__EXERCISE INSTRUCTIONS__. Could you copy every line of the data that contains "Animal"?
INFORMATION SUPPLIED: Begin
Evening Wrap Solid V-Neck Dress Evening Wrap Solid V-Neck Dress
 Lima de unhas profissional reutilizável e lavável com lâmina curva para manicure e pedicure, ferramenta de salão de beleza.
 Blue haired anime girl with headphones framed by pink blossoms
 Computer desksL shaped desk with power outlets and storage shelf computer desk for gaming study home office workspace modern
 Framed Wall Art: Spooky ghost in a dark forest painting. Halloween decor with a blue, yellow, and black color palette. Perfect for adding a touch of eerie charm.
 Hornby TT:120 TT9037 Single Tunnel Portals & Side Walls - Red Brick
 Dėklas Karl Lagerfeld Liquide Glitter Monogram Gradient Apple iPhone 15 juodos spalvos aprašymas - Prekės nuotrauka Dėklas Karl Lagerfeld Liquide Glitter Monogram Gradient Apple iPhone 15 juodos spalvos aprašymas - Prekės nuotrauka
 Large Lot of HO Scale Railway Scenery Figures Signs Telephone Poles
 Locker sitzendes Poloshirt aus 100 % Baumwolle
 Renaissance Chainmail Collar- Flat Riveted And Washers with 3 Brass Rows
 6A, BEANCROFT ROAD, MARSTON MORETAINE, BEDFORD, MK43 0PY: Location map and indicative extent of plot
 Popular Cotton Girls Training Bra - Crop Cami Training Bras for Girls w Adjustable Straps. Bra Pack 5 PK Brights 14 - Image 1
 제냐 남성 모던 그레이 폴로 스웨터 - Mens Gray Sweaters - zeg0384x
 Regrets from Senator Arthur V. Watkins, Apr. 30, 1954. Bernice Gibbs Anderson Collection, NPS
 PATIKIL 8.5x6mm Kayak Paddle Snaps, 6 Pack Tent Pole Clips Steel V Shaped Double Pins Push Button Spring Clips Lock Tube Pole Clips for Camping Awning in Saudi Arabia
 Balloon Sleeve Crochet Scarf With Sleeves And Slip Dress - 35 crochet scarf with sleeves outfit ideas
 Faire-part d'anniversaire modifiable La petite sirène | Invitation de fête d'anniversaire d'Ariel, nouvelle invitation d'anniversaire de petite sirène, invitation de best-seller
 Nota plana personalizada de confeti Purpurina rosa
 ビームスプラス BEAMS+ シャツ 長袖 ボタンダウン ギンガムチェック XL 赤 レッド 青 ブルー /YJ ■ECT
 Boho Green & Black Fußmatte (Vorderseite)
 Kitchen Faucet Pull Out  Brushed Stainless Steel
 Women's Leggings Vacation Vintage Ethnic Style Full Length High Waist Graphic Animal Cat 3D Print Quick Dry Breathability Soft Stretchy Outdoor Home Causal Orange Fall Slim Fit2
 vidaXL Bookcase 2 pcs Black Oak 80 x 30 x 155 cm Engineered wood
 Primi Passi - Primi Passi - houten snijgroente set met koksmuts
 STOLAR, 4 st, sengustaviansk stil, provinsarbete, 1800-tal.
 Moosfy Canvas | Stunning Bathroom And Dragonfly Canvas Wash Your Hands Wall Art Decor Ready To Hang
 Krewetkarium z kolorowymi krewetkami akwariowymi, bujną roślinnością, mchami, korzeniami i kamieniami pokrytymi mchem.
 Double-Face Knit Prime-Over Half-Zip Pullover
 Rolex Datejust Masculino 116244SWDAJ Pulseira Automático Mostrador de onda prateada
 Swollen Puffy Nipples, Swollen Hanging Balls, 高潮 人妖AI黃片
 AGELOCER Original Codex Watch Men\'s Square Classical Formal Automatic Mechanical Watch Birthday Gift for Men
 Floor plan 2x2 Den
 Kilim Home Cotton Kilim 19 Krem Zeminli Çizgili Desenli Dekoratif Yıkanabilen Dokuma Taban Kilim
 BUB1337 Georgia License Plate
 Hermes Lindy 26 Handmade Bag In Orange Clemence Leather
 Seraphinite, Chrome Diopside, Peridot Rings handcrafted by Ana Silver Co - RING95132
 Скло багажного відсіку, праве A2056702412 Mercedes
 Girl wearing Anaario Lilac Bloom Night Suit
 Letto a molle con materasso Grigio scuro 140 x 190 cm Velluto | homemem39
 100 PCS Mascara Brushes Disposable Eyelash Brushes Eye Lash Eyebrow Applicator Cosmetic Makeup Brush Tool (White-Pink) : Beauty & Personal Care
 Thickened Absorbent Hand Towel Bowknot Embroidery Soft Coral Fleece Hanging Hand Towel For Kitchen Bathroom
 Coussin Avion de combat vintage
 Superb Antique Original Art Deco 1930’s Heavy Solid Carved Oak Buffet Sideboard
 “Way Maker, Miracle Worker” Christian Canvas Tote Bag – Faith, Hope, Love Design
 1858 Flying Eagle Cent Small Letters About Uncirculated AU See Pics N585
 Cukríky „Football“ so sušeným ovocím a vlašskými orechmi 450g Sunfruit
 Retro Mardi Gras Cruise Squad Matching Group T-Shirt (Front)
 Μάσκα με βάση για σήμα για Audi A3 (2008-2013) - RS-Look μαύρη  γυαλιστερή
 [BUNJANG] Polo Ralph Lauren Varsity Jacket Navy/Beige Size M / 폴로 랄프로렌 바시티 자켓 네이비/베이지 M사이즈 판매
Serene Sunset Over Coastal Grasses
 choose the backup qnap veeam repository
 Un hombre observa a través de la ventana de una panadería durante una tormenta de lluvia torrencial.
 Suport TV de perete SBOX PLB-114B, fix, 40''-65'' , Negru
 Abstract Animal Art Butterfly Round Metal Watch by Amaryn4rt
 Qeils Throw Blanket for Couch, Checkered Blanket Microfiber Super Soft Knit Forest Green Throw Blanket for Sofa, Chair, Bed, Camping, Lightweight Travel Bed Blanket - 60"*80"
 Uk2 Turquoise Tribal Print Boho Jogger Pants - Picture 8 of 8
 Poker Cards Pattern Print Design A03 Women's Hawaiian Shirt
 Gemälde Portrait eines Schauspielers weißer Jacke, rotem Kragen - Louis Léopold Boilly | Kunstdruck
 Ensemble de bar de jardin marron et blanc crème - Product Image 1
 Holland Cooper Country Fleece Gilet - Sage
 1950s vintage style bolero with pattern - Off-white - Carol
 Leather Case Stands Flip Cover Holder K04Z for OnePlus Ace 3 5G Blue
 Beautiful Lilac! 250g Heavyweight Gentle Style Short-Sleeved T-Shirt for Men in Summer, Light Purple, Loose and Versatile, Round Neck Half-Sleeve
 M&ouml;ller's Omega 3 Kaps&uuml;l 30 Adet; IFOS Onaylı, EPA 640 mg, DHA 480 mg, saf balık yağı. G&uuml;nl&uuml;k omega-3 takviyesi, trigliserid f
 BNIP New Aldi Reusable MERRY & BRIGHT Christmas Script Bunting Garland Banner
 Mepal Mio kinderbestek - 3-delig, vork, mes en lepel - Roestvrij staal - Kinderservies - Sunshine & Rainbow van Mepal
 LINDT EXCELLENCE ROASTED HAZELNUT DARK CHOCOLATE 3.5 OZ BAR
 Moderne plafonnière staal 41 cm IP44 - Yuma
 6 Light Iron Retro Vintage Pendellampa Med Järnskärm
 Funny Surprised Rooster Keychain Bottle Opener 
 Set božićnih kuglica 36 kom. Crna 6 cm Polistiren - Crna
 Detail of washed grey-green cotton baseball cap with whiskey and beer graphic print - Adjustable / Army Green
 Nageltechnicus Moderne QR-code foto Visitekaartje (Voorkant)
INFORMATION SUPPLIED: End
__REPLY__.
 Women's Leggings Vacation Vintage Ethnic Style Full Length High Waist Graphic Animal Cat 3D Print Quick Dry Breathability Soft Stretchy Outdoor Home Causal Orange Fall Slim Fit2
 Abstract Animal Art Butterfly Round Metal Watch by Amaryn4rt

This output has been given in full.